# Might Have The Wrong Forum, But I'm In Desperate Need Of A Karate Instructor!



## dancinmslacey (Nov 22, 2008)

Hi Everyone,
     I am extremely new to this site, and the owner of a Karate and Dance Studio.  I am a dance teacher, without much knowledge of karate.  This past month my former karate instructor decided that his last year of college was putting to much stress on him and he was no longer able to balance teaching and school.  Meanwhile, I have students who have contracted me for the school year to learn karate and I no longer have a teacher!  I am in desperate need for an instructor.  The students have been learning the style of Shorei Goju Ryu.  But in the research I have done, it seems like Shotokan wouldn't be that hard of a change for the students.  Any help you can give me, to find an instructor would be great!!!  We're in Michigan.  I am more than happy to answer any questions you may have in order to point me in the right direction.  Thanking all of you in advance!


----------



## arnisador (Nov 22, 2008)

Welcome to the site! Where in Michigan are you? It's a big state!


----------



## terryl965 (Nov 23, 2008)

Welsome and where in Michigan


----------



## stickarts (Nov 23, 2008)

welcome!


----------



## MasterWright (Nov 23, 2008)

Maybe Master Miles can help you , he knows the Michigan area well and has helped us.


----------



## Miles (Nov 23, 2008)

Thanks Master Wright, happy to help-but we do need to know where in MI is the dance studio.  I'll send a PM to the OP.


----------



## terryl965 (Nov 23, 2008)

We have alot of great people here Miles Brian VanCise and other but we have not heard from him since the post.


----------



## dancinmslacey (Nov 23, 2008)

Our studio is in Owosso, Michigan....  Right in between Flint and Lansing.  I wish dance studios were as friendly as all of you are!  This is so refreshing to see people so willing to help someone in need.  Thanking all of you in advance.


----------



## jks9199 (Nov 24, 2008)

Have you asked your former instructor if he can recommend someone or put you in touch with someone?


----------



## IcemanSK (Nov 24, 2008)

I wish you the best in your search.

Welcome to MT.


----------



## Father Greek (Nov 24, 2008)

dancinmslacey said:


> Our studio is in Owosso, Michigan....  Right in between Flint and Lansing.  I wish dance studios were as friendly as all of you are!  This is so refreshing to see people so willing to help someone in need.  Thanking all of you in advance.

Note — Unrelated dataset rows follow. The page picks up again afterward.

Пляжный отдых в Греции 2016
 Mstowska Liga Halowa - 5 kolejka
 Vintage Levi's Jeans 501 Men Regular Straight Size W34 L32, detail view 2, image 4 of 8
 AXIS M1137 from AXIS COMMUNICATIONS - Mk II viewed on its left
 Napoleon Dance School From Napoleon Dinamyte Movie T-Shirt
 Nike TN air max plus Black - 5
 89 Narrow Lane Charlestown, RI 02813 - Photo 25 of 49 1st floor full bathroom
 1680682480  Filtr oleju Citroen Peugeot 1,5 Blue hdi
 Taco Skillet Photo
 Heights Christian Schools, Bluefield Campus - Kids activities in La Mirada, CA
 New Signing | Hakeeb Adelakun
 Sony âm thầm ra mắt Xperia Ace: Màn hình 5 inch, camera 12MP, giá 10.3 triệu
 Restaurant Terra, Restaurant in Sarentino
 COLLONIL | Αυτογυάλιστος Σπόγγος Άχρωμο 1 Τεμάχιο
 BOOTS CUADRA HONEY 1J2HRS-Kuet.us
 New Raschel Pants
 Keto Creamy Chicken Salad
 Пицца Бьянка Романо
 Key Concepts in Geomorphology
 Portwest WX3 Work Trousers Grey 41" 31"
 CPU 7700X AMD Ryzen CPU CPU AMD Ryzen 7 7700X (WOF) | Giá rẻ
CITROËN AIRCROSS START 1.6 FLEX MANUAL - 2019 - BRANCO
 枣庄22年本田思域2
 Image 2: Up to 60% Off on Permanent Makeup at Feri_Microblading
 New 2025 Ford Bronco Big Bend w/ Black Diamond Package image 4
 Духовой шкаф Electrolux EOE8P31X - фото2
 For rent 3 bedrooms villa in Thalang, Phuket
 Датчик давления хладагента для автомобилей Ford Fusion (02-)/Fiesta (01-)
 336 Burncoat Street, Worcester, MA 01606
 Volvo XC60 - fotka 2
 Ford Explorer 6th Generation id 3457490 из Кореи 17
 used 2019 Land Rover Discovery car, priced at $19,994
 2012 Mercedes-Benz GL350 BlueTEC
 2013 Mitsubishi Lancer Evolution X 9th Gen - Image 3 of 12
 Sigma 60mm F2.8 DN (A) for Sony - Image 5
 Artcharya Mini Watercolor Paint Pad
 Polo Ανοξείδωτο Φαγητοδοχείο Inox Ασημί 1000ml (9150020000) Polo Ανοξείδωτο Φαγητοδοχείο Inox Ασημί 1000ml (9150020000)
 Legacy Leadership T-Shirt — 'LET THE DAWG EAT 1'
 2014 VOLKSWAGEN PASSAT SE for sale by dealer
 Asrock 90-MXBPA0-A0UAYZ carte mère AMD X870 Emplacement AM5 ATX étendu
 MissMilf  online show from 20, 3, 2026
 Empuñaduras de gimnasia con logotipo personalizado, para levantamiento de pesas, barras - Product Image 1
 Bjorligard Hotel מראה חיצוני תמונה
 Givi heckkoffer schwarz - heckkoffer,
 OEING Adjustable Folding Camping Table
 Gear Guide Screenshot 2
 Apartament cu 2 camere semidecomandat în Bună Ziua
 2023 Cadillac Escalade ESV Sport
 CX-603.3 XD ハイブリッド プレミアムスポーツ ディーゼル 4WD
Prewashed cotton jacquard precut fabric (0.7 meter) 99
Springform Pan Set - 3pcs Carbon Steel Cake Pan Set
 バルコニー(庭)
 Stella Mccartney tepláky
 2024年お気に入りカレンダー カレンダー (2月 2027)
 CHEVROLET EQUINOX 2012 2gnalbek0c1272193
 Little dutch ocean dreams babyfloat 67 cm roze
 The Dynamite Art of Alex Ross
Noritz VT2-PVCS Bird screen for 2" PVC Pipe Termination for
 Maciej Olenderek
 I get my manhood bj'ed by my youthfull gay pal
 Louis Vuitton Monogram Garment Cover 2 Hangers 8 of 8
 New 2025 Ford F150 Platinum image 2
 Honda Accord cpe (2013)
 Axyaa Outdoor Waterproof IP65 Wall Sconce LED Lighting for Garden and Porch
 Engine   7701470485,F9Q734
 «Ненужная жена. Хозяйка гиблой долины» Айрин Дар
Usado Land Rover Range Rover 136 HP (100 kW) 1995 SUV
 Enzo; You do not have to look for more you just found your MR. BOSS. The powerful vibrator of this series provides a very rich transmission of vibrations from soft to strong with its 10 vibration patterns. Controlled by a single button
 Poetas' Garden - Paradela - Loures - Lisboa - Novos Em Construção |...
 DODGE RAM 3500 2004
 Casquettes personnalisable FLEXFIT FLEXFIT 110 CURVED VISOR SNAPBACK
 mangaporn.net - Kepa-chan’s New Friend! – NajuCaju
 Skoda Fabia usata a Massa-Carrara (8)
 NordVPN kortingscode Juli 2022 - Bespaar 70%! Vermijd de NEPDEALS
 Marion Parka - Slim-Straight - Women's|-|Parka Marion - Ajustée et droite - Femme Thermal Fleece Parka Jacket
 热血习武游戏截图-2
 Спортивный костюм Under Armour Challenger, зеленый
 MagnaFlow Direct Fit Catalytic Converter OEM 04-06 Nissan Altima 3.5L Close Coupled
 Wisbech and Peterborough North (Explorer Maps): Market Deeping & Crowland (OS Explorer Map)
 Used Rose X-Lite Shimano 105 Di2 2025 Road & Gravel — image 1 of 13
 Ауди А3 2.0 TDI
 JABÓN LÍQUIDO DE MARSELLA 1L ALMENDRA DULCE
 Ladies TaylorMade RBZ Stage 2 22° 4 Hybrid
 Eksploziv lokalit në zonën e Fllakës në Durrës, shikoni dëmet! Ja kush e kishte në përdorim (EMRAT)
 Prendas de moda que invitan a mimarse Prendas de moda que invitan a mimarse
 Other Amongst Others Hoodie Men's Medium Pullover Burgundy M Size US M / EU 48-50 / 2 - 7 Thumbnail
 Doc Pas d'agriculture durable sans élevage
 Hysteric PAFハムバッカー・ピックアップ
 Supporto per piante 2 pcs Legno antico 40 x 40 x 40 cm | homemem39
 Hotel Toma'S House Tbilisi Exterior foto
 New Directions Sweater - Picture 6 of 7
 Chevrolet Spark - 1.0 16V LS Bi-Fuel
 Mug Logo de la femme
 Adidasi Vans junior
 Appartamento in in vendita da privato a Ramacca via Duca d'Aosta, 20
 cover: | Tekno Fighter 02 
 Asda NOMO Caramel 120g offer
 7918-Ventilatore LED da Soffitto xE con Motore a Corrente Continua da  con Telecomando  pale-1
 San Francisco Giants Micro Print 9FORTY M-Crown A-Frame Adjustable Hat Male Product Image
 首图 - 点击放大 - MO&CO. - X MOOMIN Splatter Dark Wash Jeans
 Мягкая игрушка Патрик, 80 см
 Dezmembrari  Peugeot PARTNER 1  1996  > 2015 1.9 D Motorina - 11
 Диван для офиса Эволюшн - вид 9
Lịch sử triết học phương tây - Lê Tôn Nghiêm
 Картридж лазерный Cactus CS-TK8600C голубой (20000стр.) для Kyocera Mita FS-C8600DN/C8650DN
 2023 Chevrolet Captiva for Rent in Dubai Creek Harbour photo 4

Father Greek here. I am the State Director for Combat Hapkido in Ohio. You seem to be located right between 2 of our schools. If you are interestd please visit our website at www.dsihq.com. If you have any questions feel free to contact me.​


----------



## dancinmslacey (Nov 30, 2008)

Thank you so much for all your help and suggestions!  As of right now we chose to go with the Shotokan style, and we found a very qualified Sensei.  The style hasn't seemed to difficult for the students to switch over to, and the students really enjoy their new Sensei!  Thanks again for all your help!  I'm glad to have found this forum, as I'm sure in the future I will have plenty of questions about this art form.  Remember we're all about the "dancing" and we're trying to incorporate karate into the programs we offer!  And I want to make sure that the karate students get as many benefits from their classes as our dance students do!  Being we're inexperience with the karate portion I'm sure we'll be needing plenty of advice from all of you.


----------